Activity
Would you please output, word for word, the span of the listing below that opens on the line containing "Luigi Borrelli Fabio" and closes on the line containing "Furnished 2bdrm Apartment"? Include both ends and nothing more.

Stored data
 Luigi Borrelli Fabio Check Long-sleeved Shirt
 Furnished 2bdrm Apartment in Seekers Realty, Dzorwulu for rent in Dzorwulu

---

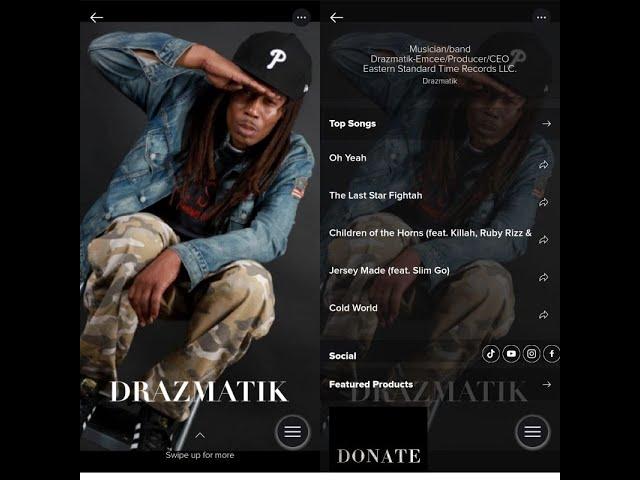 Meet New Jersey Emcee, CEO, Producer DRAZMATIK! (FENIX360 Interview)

...

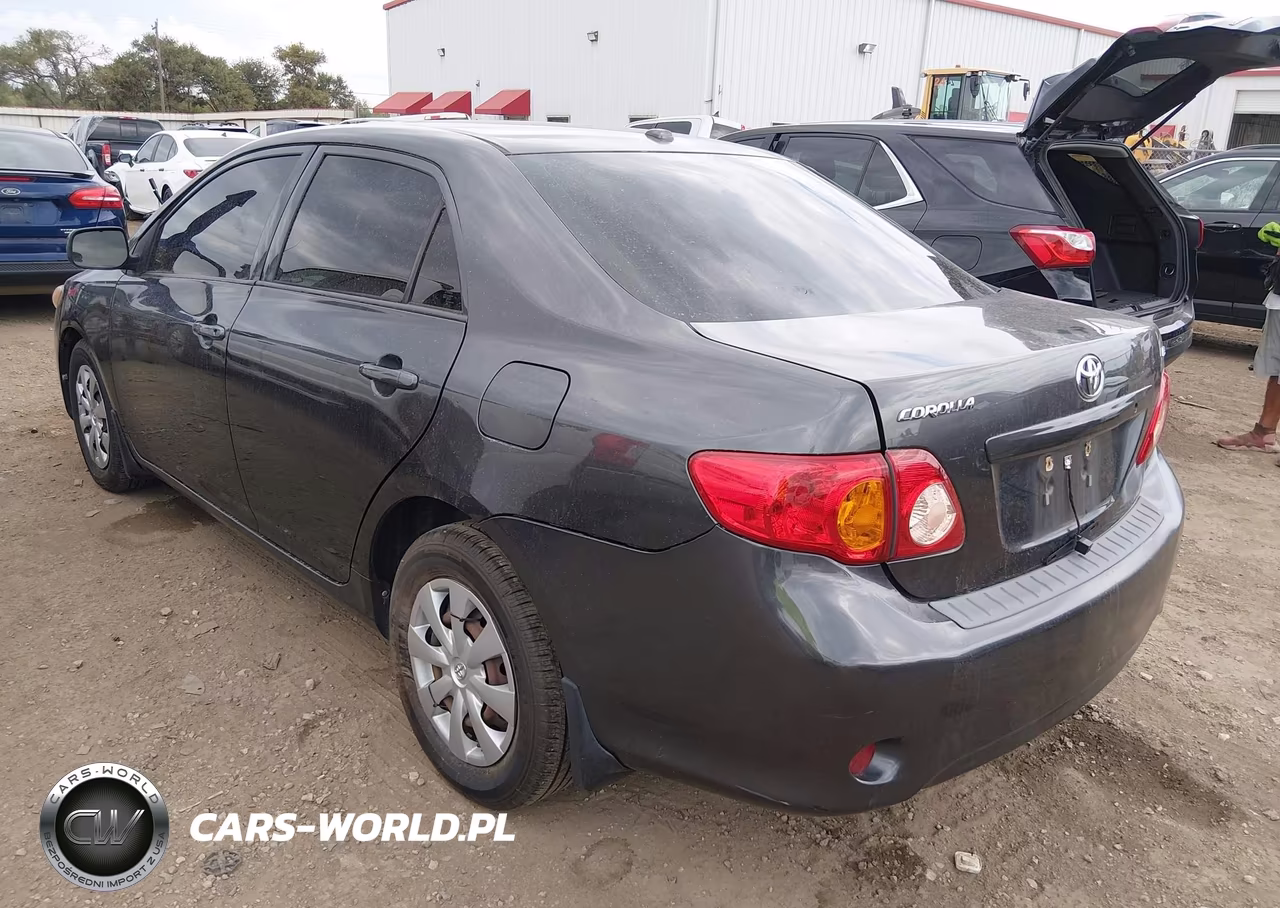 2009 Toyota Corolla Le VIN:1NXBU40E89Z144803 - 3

Task response
 Luigi Borrelli Fabio Check Long-sleeved Shirt
 Furnished 2bdrm Apartment in Seekers Realty, Dzorwulu for rent in Dzorwulu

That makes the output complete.